Description of problem: Currently the "start-failure-is-fatal" is cluster global property so it immediately affects all resources. Some customers would like to have possibility to set this property in per-resource fashion to achieve better granularity of resource behaviour. Expected result: Some resources could have the "start-failure-is-fatal" parameter enabled while others disabled.
Seems reasonable, it might talk some time to bubble up the priority list though
This will be evaluated in the 7.4 timeframe.

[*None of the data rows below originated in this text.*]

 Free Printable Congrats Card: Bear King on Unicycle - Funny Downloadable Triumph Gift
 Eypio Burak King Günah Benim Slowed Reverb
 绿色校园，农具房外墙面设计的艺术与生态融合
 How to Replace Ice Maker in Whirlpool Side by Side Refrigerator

This feature will be included with the failure handling overhaul for Bug 1371576. While a serious effort was made at implementing this, and a substantial amount of prerequisite work has been integrated upstream, the user-visible portion will not be ready in the 7.4 timeframe, so I am pushing this back to 7.5.

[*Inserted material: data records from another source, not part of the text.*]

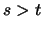 $s>t$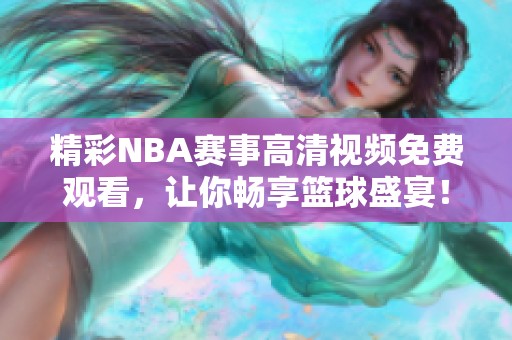 精彩NBA赛事高清视频免费观看，让你畅享篮球盛宴！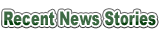 Recent News Stories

Due to time constraints, this will not make 7.5
Because this will require new configuration syntax, for technical reasons this will only be addressed in RHEL 8
The current plan is to implement 2 new operation meta-attributes, failure-restart and failure-escalation, to replace start-failure-is-fatal, migration-threshold, and on-fail (which would still be supported for backward compatibility). The first failure-restart=<N> failures would result in restart attempts, and if all failed, the response in failure-escalation would be taken (equivalent to the current on-fail values, except "restart", and adding "ban" to force the resource off its current node). Thus a start action with failure-restart set to 0 would be equivalent to start-failure-is-fatal="true", and a start with action with failure-restart set to a positive number would be equivalent to start-failure-is-fatal="false" with migration_threshold set to that number.